Just in Case You Need It

I finished up the week working with a group of eighth-graders from Lamar Middle School, a touch of irony or humor that was lost on both them and me.

It was a superb day at Mount Vernon and down at Pioneer Farm it was sheep shearing time, the old fashioned way.

A very fit young lady, drenched in early morning sweat, held down an adult female sheep as she sheared her using 18-century clippers.

Sheep Shears

Sheep Shears

Amazingly, the pelt came off in one piece after a pitched battle that lasted 30 minutes.  The pelt will be washed and sold for the wool since the Mount Vernon herd has a 16th century pedigree.  I guess the wool must be warmer.

By the way, almost no one walks the extra five minutes down to Pioneer Farm.  It is a several acre tract that is operated by period-dressed workers describing and demonstrating 18th century life and agriculture.  Like all of “official tourist” Washington, just walk five extra minutes and see something totally different and interesting.  (And get away from the crowds.)

Pioneer Farm

Pioneer Farm

One of our two “motor coaches” broke down en route back to the city which seemed to be a regular occurrence as one or the other was always laid up for some reason, thrown belts, transmission problems, etc.

Twas a spectacular afternoon on the Mall and it is all the better as our army of food trucks now line the cross streets offering much needed food choices from the $6 slab of dried dough called pizza at the Natural History Museum.

The “Lamarians” were checking out the stones and bones in Natural History and I had taken partial possession of a park bench facing east on Constitution Avenue near the Hop On-Hop Off buses.

They were mostly hopping on as it was getting close to five o’clock.

Up the Constitution Avenue sidewalk comes an ancient codger sitting in a wheel chair  very quickly “walking himself” with his feet while holding a cane in his hand.


When near me he was caught up to by a young man who drops the “m-efer” bomb causing the old fellow to fairly leap out of the wheelchair and shinny up on top of the museum ledge.


Where upon the young lad grabs the wheelchair and disappears in the crowd back down Constitution Avenue from whence he came.

He reappears a short while later wheeling an elderly woman in a pretty blue print dress.  On arrival she jumps out of the chair and shinnies up next to the octogenarian; now two peas in a pod.

A few minutes later the Hop-On bus pulls up.  Junior heads for the bus with pops a close second, on his feet,  cane still in hand and unused.

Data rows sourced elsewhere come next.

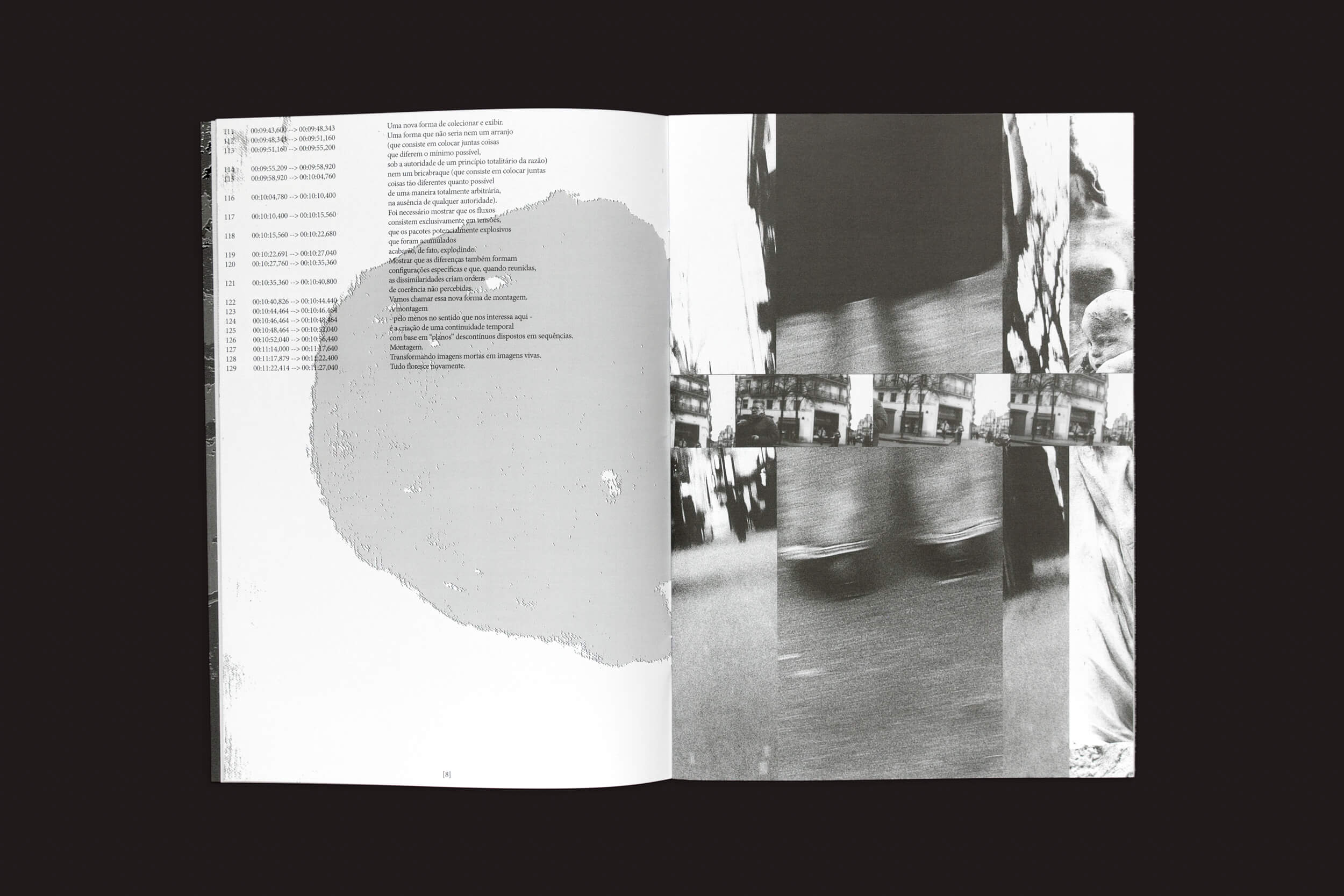 Um livro aberto da zero-Edições, Romeu Silveira: The Surviving Images, revela um design abstrato em tons de cinza. A página da esquerda tem colunas de texto com um grande círculo irregular, enquanto a da direita apresenta composições distorcidas ao lado de uma grade de fragmentos fotográficos menores.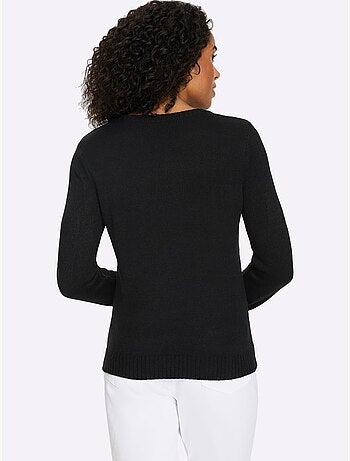 Pull à Manches Longues Finitions Côtelées - Taille Standard - Moda Vilona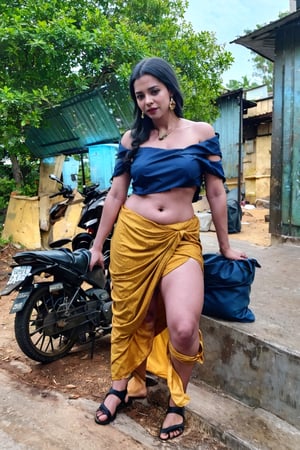 1girl, yellow colour dress, mallu, solo, long hair, skirt, black hair, navel, jewelry, standing, full body, earrings, outdoors, midriff, off shoulder, crop top, sandals, , long skirt, realistic, off-shoulder shirt,Thrissur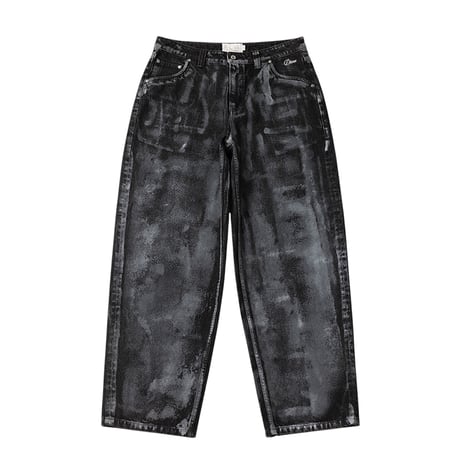 Dime Baggy Denim Pants - Black (White Paint)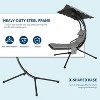Outdoor Hanging Curved Steel Chaise Lounge Chair Curved Steel Hammock Lounger Chairs Swing with Pillow and Removable Canopy - 3 of 4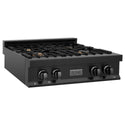 ZLINE 30 in. Legacy Gas Rangetop with 4 Brass Burners and Porcelain Cooktop in Black Stainless Steel, Open Box-Great Condition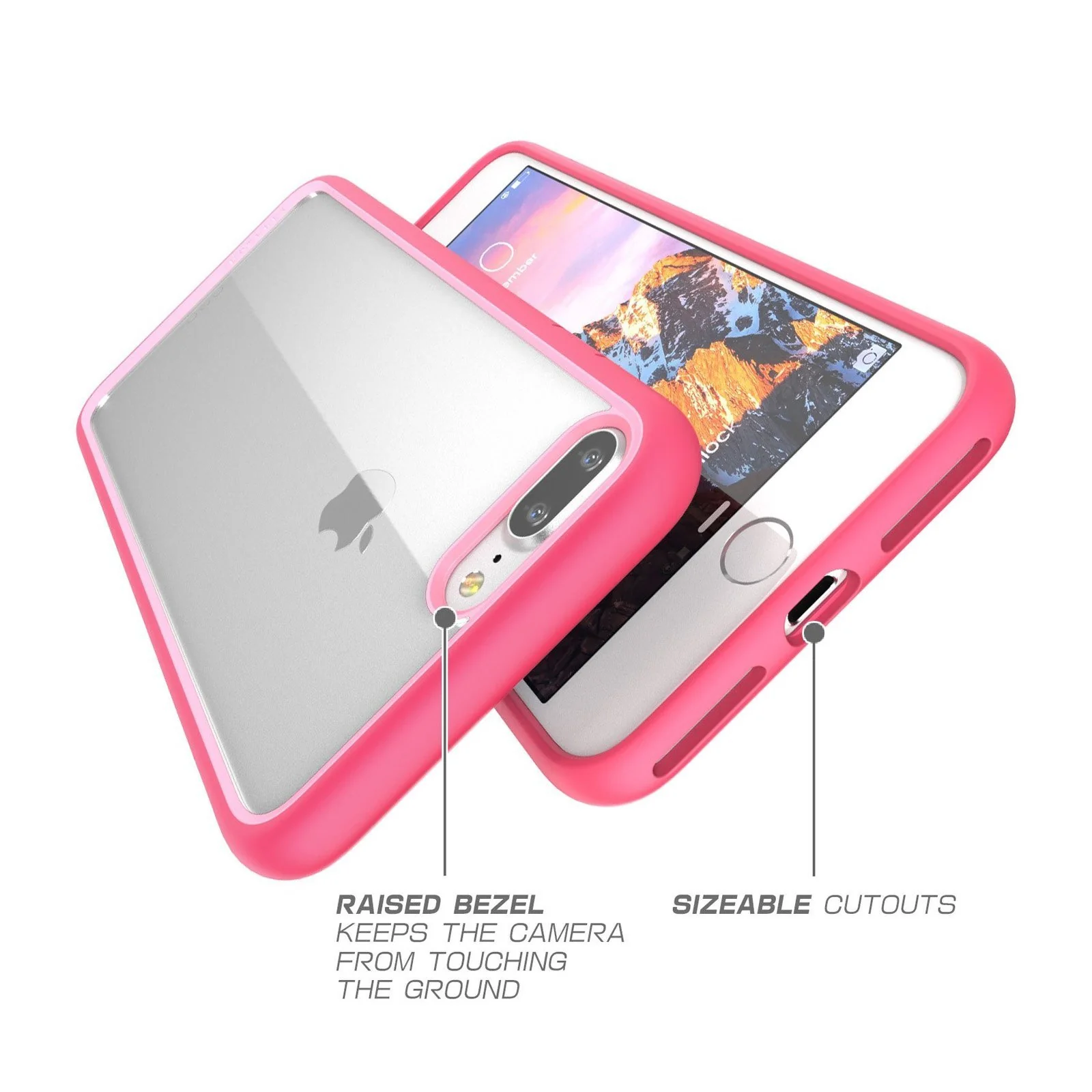 iPhone 8 Plus Unicorn Beetle Style Slim Clear Case-Pink - Image 7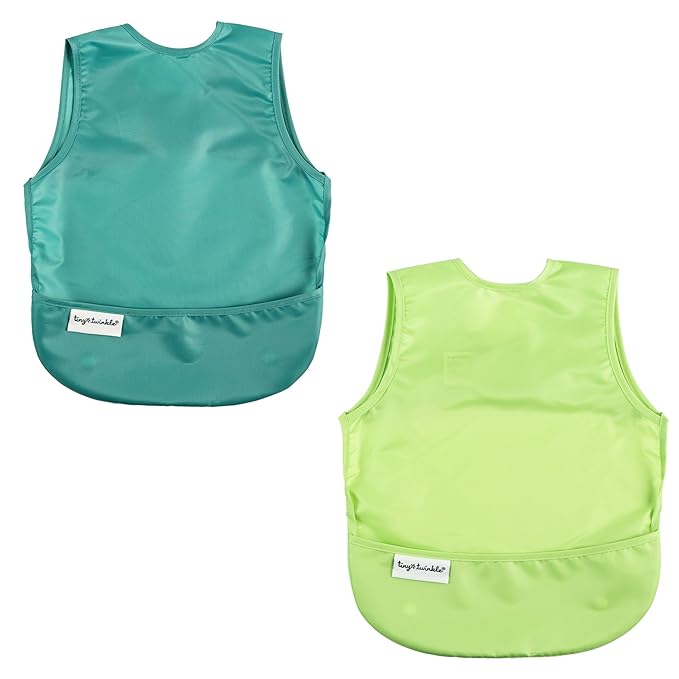 Tiny Twinkle Short Sleeve Apron Bibs for Babies & Toddlers – 2 Pack Waterproof, Mess-Proof Baby Bibs for Eating & Feeding, Machine Washable,Perfect Holiday Gift(Rainforest, 6–24M)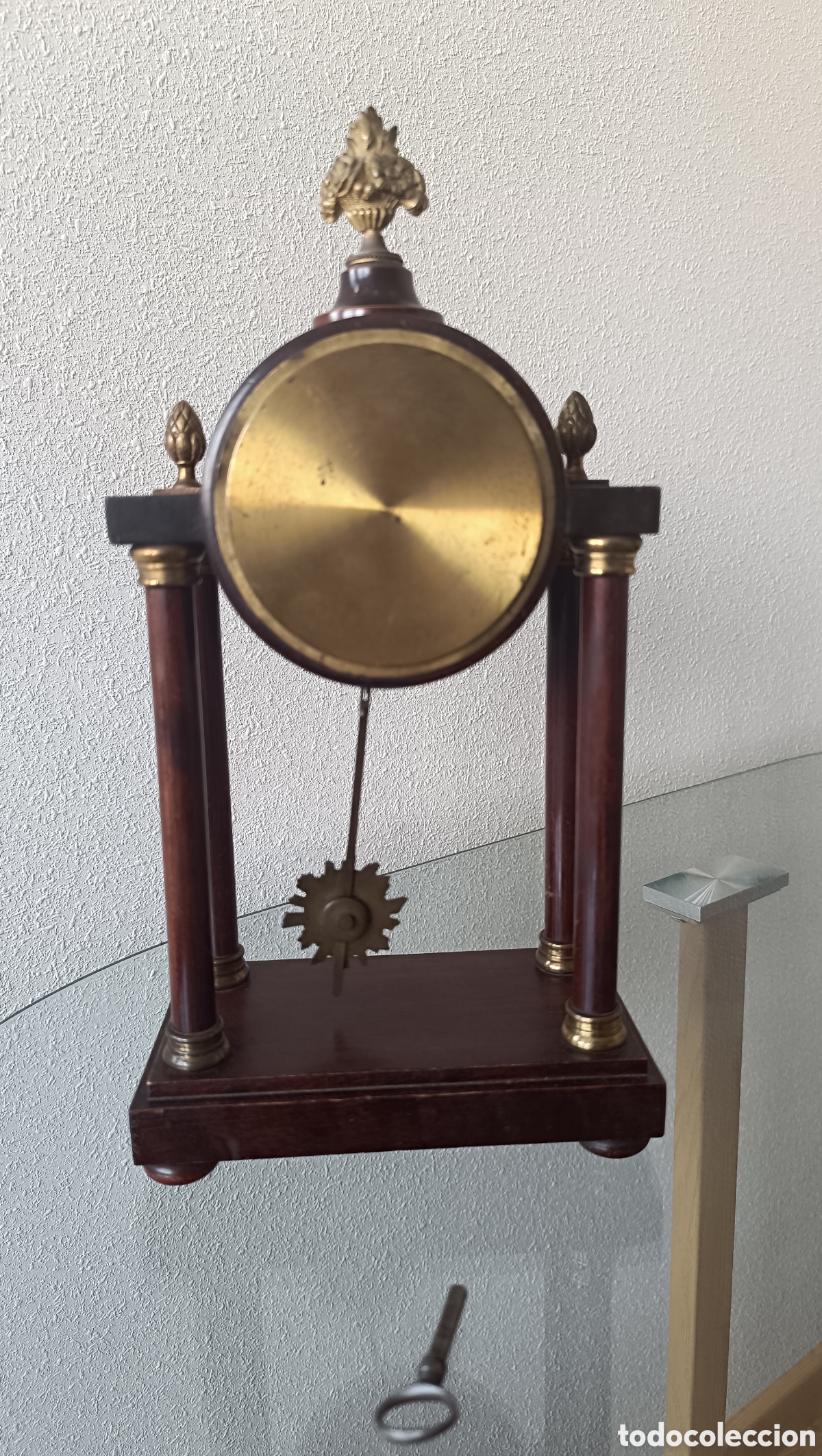 Vintage: Reloj de sobremesa de madera estilo imperio - Foto 5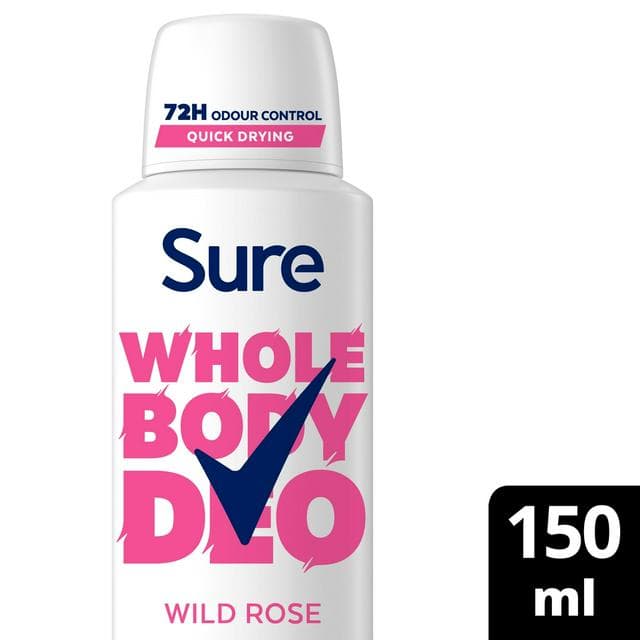 Sure Women Wild Rose Whole Body Deodorant Spray 72h Odour Control 150ml - gallery image 1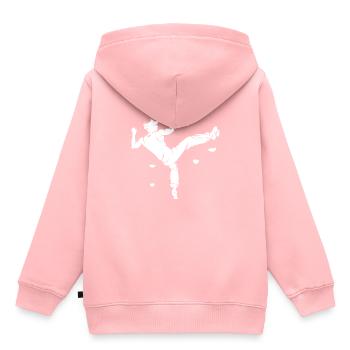 Bouldern - Kinder Premium Organic Hoodie - Rosa - Hinten - AI Model Kid Female (0cm)
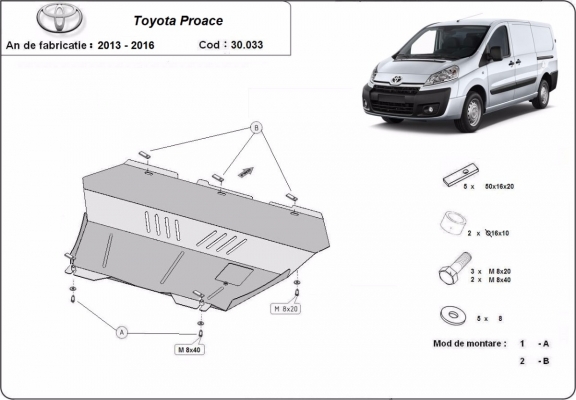 Motor Beschermplaat voor Toyota Proace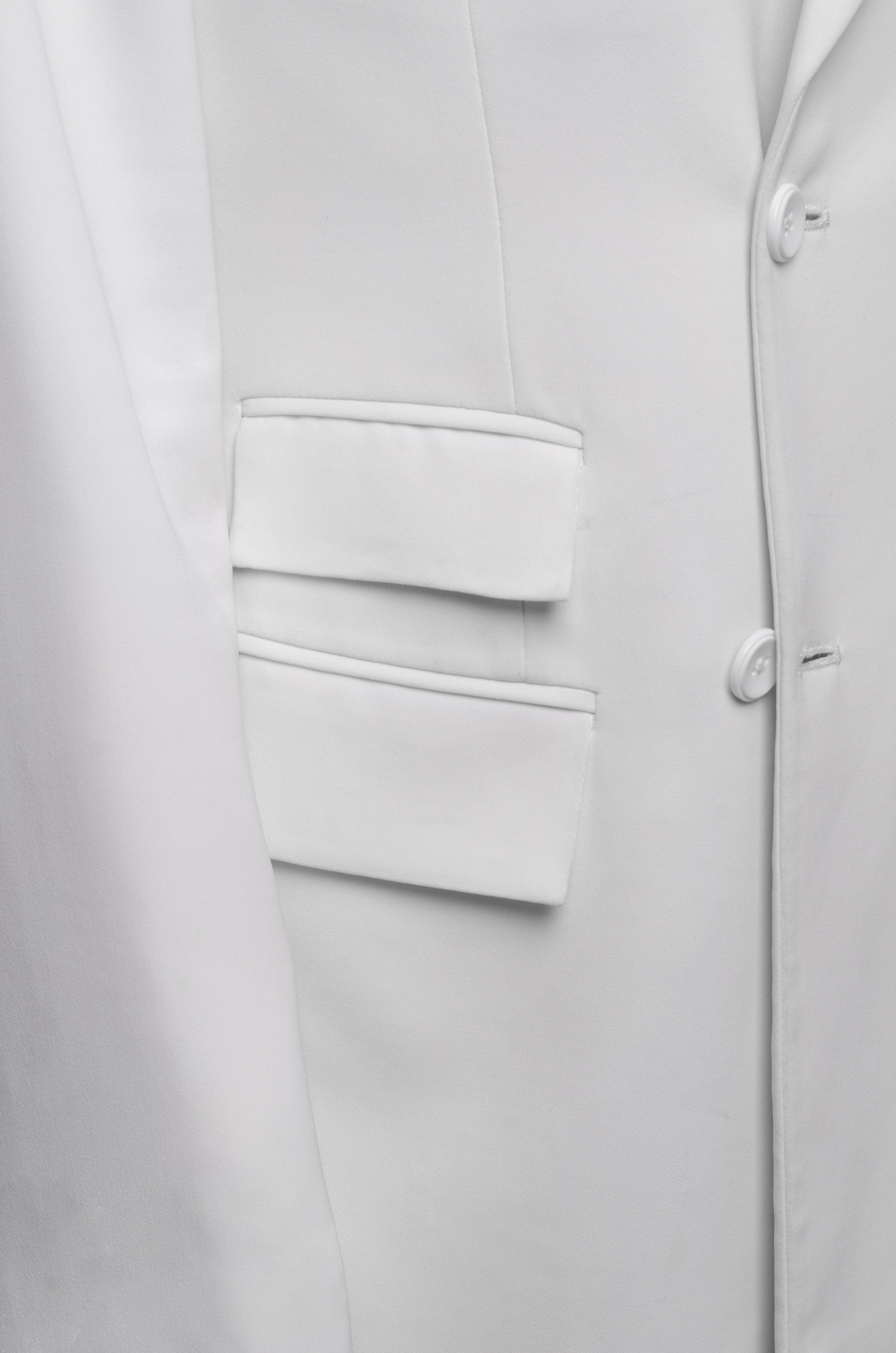 White Double-Breasted  Suit Jacket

The Mrs. is right behind, pushing the wheelchair at a rapid pace.

And off they went.

Who needs “Night at the Museum”?

Daytime is plenty funny for me.







  • Mike Schwartz says:

    Great st.ory telling. Very funny.

  • Smitty says:

    Very funny, Eric. Keep the stories comin.’

  • Spartacus says:

    Guess that’s how they roll.

  • David Barbour says:

    Can hardly wait.

  • Victoria Huckenpahler says:

    Eric — This reminds me of something that happened to Huck several years ago. A friend and he were driving in Tarzana, CA., when the driver behind them parked his car, got out carrying a white cane, went to the other side of the car, and let out his seeing eye dog! Until your story today I thought stuff like this only happened on the West Coast!